9. Kematian Kamila (Pov Sabiru)

9K 495 54
                                    


Pov Sabiru

Kecelakan yang menimpa tempo hari sungguh membuat hati Kamila bersedih. Separuh jiwaku itu menangis sepanjang waktu. Calon anak yang selama dua tahun ini dinantikan oleh kami tak selamat.

Sebenarnya bukan cuma Kamila yang dirundung malang, aku sebagai calon ayah pun merasakan hal yang sama. Hanya saja, aku ini seorang laki-laki pantang bila meneteskan air mata. Walaupun sebenarnya hatiku ikut hancur saat tahu calon buah hatiku harus pergi tanpa sempat melihat indahnya dunia.

Beruntung semua nasihat yang Ibu berikan didengar oleh Kamila. Wanita itu sedikit demi sedikit sudah mau berdamai dengan keadaan. Dan yang membuat aku bisa bernapas lega adalah kembalinya sikap Kamila. Kecemburuan tak beralasan pada adiknya tempo hari telah hilang.
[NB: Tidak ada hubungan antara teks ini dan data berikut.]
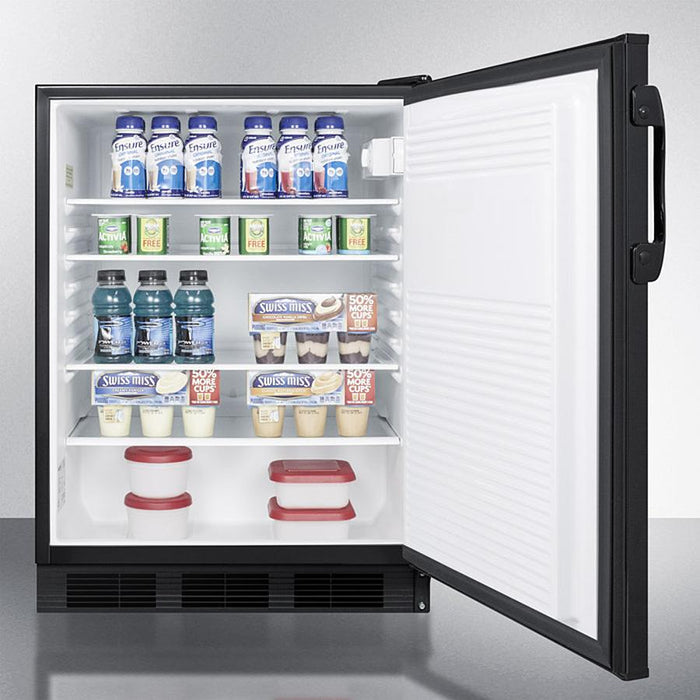 Accucold 24" Wide Built-In All-Refrigerator with Auto Defrost and Black Exterior ADA Compliant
Tentu saja itu menyenangkan hati. Karena jujur biang semua permasalahan di rumah itu adalah aku. Nabila hamil karena aku. Kamila memusuhi Nabila sebab dia terlalu memcintaiku. Dan kebencian Nabila yang mendalam juga akibat kebodohanku. Jadi sangat dimaklumi kalau hingga detik ini gadis itu belum juga mampu memaafkan.
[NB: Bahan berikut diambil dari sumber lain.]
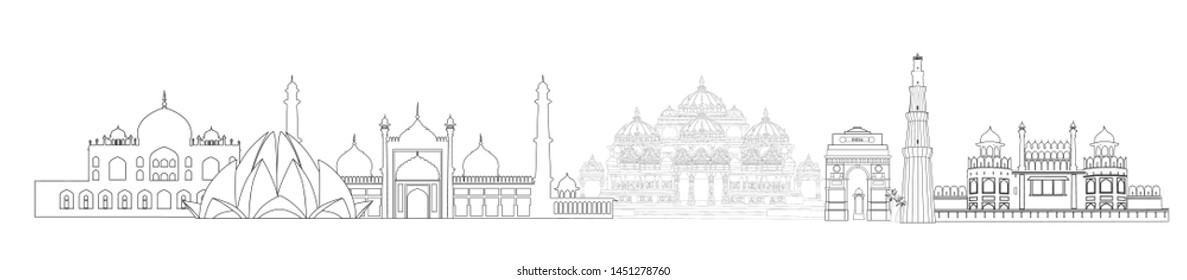 India, Delhi landmarks. Indian city New-Delhi travel skyline view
Andai saja waktu bisa diputar ulang mungkin kejadiannya tidak akan seperti ini. Jika saja dulu aku tegas menolak ajakan teman untuk minum, pasti saat ini Nabila masih suci. Hubunganku dengan dia pun tetap harmonis. Dan yang pasti masa depannya tetap akan cemerlang tidak sesuram seperti saat ini.
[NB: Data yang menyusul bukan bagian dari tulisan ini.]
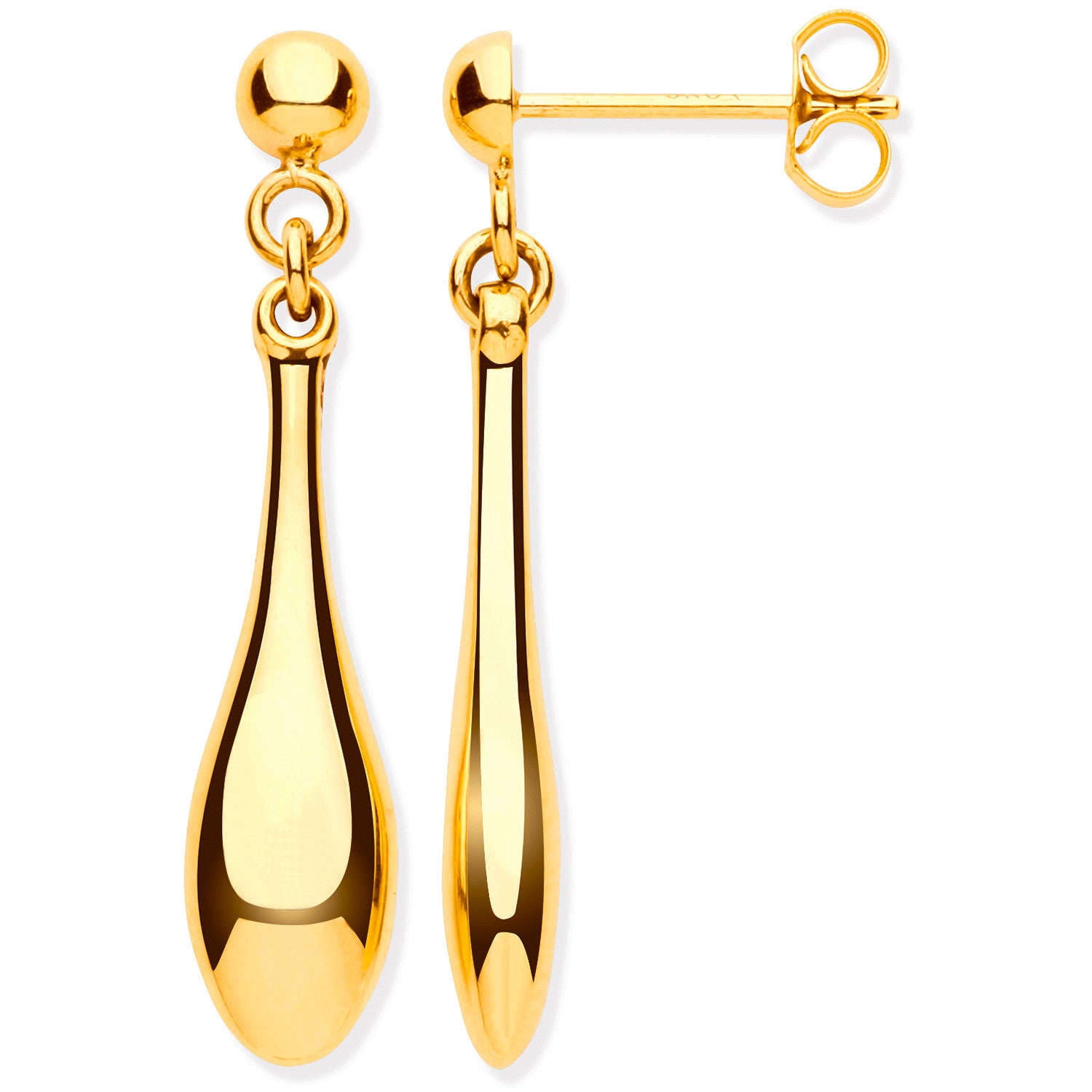Yellow Gold Hollow Drop Earrings - 9ct Gold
Jujur, setiap kali melihat Nabila aku selalu diliputi rasa bersalah. Merasa iba setiap kali memandangnya. Kasihan gadis itu, dia harus menanggung kesalahanku seorang diri. Karena tak mungkin pula kuceraikan Kamila demi menikahinya. Semoga saja keputusan kami untuk mengadopsi anaknya sedikit meringankan pemberitaannya.

Walau kutahu itu belum sebanding dengan kejahatan yang kuperbuat untuknya. Setidaknya untuk saat ini hanya itu yang bisa kuperbuat untukmu Bila. Tapi, kakak yakin suatu hari kelak kakak akan mengantikan penderitaanmu dengan kebahagiaan. Entah bagaimana dan kapan.

***

Setelah melihat kondisi Kamila sudah stabil baik fisik dan psikis pasca kecelakaan itu, aku memutuskan untuk kembali berangkat kerja. Apalagi sudah cukup lama absen tidak masuk kantor. Setiap kali akan berangkat kerja kusarankan agar Kamila tidak usah repot menjaga toko. Lebih baik merawat Nabila saja. Karena hingga kini gadis itu masih mengalami masa ngidam yang menyiksa. Dan syukurnya Kamila menuruti perintah itu. Ahhh ... Kamila kan memang istri yang penurut

Namun, entah kenapa hari ini suasana hatiku tidak begitu menyenangkan. Perasaan tidak enak ini menyergap dari tadi. Untuk membuang pikiran buruk aku coba telepon Kamila di rumah. Lama tidak langsung terhubung. Begitu tersambung aku menanyakan keadaan Kamila.

"Aduh maaf, Mas, tadi aku tertidur. Jadi gak dengar kalo Mas Sabir telpon. Di rumah aku baik-baik saja, kok," ucapnya menanggapi kecemasanku.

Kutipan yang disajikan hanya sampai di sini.